And within a mendicant, mountainous, microcosm, classically
constructed, Gothically germinated, and residually realized, wherein
one's affluent 21st century appetites atrophy while those of its
citizens starve, he who possesses bountiful knowledge is tempted by a
resplendent representative of an aspect which he fails to comprehend,
his fabricated yet all-encompassing desire having been serpentinely
syncopated, as a bear growls in the wilderness, in Alexander Sokurov's Faust's
obstinate prolonged periodical remonstrance, whose resultant subjective
reconstitution, climactically dislocates an historically sustained
psychodeterminancy.
Through the art of manipulation.
Its traditional themes and monumental modalities are elaborately elucidated and sensuously entwined.

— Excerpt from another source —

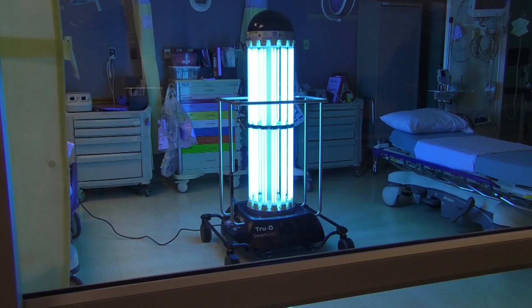TruD does not replace manual cleaning — she only provides that extra layer of protection. TruD is just one more step that Rush Memorial is taking to keep our patients, visitors, and employees safe.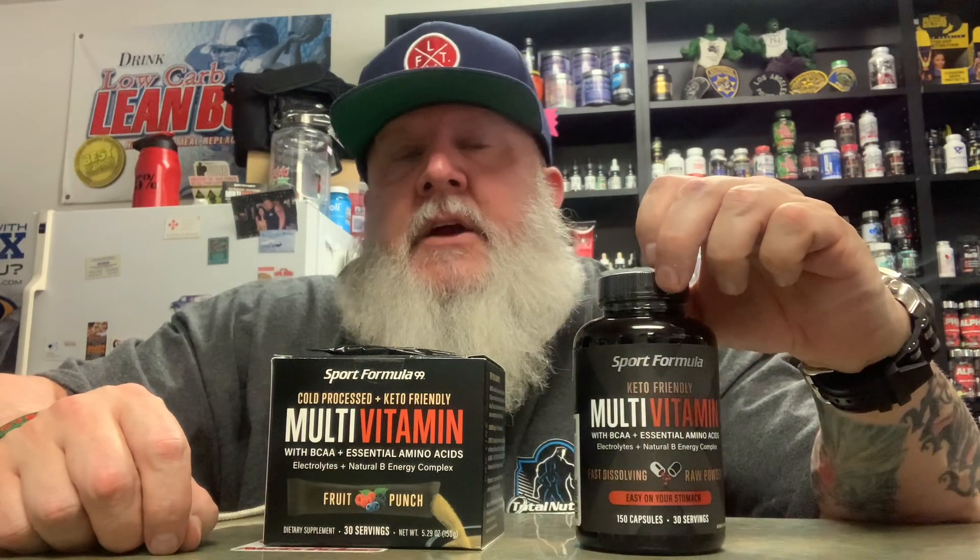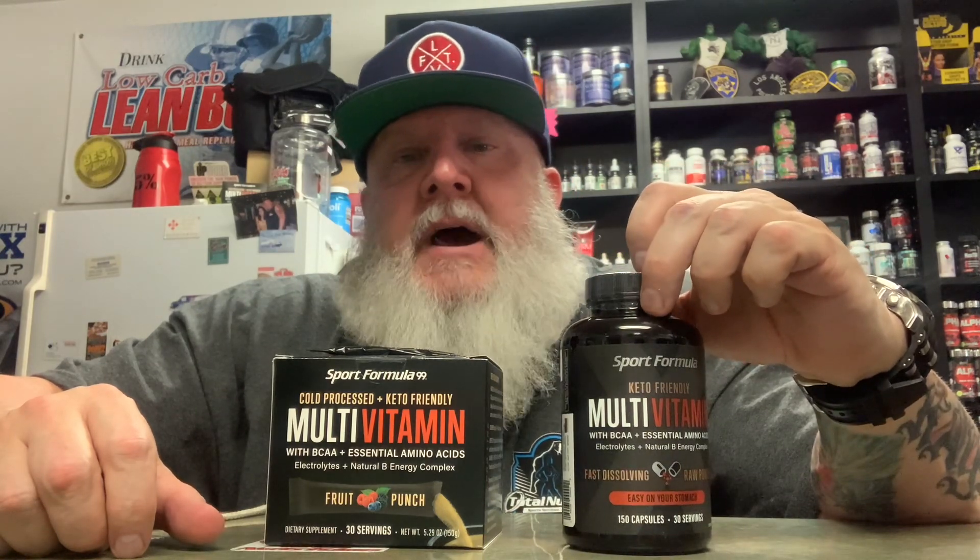This thing is absolutely loaded with a high recommended daily allowance of all your vitamins A through K, and it's loaded with all your B vitamins for natural energy. What makes this vitamin special is it's cold processed to maintain liver enzyme function and maximum bioavailability, so the absorption is phenomenal like no other vitamin because of the cold processing.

Competing rational classifications are cantankerously, sinisterly, and conditionally, collated.
Notwithstanding a little joy.
The
world Sokurov creates arguably situates the contemporary depersonalized
alienated televisual lack of collective agency within an impoverished
feudal stasis to materialize an ahistorical fabric, but that may be a
bit of a stretch.
For me, it also functions as a dramatic counterpart to Peter Jackson's The Lord of the Rings triology, the opening sequence having begged the comparison (not that Faust isn't fantastic and The Lord of the Rings undramatic).
And Faust (Johannes Zeiler), you fool, you had it in you all along.
Didn't you see "Austin Powers: The Spy who Shagged Me?"